Retrieving qubit information despite decoherence

TL;DR

This paper demonstrates that, under certain symmetry conditions, information about a qubit's initial state can be retrieved from its long-term behavior despite decoherence caused by telegraph noise.

Contribution

It introduces a method to recover qubit information from persistent currents and occupations even in the presence of decoherence due to telegraph noise.

Findings

Partial decoherence allows information retrieval at long times.

Flux dependence encodes the initial quantum state.

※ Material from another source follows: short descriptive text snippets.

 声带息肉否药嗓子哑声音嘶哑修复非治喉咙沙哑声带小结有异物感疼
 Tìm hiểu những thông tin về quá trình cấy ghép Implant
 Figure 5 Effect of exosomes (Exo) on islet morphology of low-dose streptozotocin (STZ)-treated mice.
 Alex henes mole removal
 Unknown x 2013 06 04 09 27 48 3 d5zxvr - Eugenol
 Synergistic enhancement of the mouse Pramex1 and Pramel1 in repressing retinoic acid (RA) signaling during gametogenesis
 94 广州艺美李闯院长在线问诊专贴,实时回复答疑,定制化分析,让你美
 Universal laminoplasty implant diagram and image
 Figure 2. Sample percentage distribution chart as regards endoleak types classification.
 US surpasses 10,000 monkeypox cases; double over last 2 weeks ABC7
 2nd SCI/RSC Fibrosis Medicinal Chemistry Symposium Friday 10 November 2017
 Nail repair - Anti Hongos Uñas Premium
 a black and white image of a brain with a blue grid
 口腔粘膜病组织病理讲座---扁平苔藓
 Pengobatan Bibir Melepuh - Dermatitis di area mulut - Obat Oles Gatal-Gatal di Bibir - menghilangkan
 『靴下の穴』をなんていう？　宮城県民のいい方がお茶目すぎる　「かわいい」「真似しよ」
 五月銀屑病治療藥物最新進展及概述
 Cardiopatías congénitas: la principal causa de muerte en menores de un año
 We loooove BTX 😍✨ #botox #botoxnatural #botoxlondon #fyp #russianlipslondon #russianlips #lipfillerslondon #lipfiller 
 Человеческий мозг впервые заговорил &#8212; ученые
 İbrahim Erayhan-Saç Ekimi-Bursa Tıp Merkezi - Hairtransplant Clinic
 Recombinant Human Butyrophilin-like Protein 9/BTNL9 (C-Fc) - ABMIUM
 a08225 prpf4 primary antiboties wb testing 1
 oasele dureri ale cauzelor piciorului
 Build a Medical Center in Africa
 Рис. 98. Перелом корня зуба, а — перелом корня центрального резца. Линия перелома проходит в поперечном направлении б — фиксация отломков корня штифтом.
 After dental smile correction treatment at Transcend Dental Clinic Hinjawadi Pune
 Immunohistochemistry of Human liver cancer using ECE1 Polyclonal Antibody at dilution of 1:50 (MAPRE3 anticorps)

Small deviations lead to slow exponential decay with measurable signatures.

Abstract

The time evolution of a qubit, consisting of two single-level quantum dots, is studied in the presence of telegraph noise. The dots are connected by two tunneling paths, with an Aharonov-Bohm flux enclosed between them. Under special symmetry conditions, which can be achieved by tuning gate voltages, there develops partial decoherence: at long times, the off-diagonal element of the reduced density matrix (in the basis of the two dot states) approaches a non-zero value, generating a circulating current around the loop. The flux dependence of this current contains full information on the initial quantum state of the qubit, even at infinite time. Small deviations from this symmetry yield a very slow exponential decay towards the fully-decoherent limit. However, the amplitudes of this decay also contain the full information on the initial qubit state, measurable either via the current or via the occupations of the qubit dots.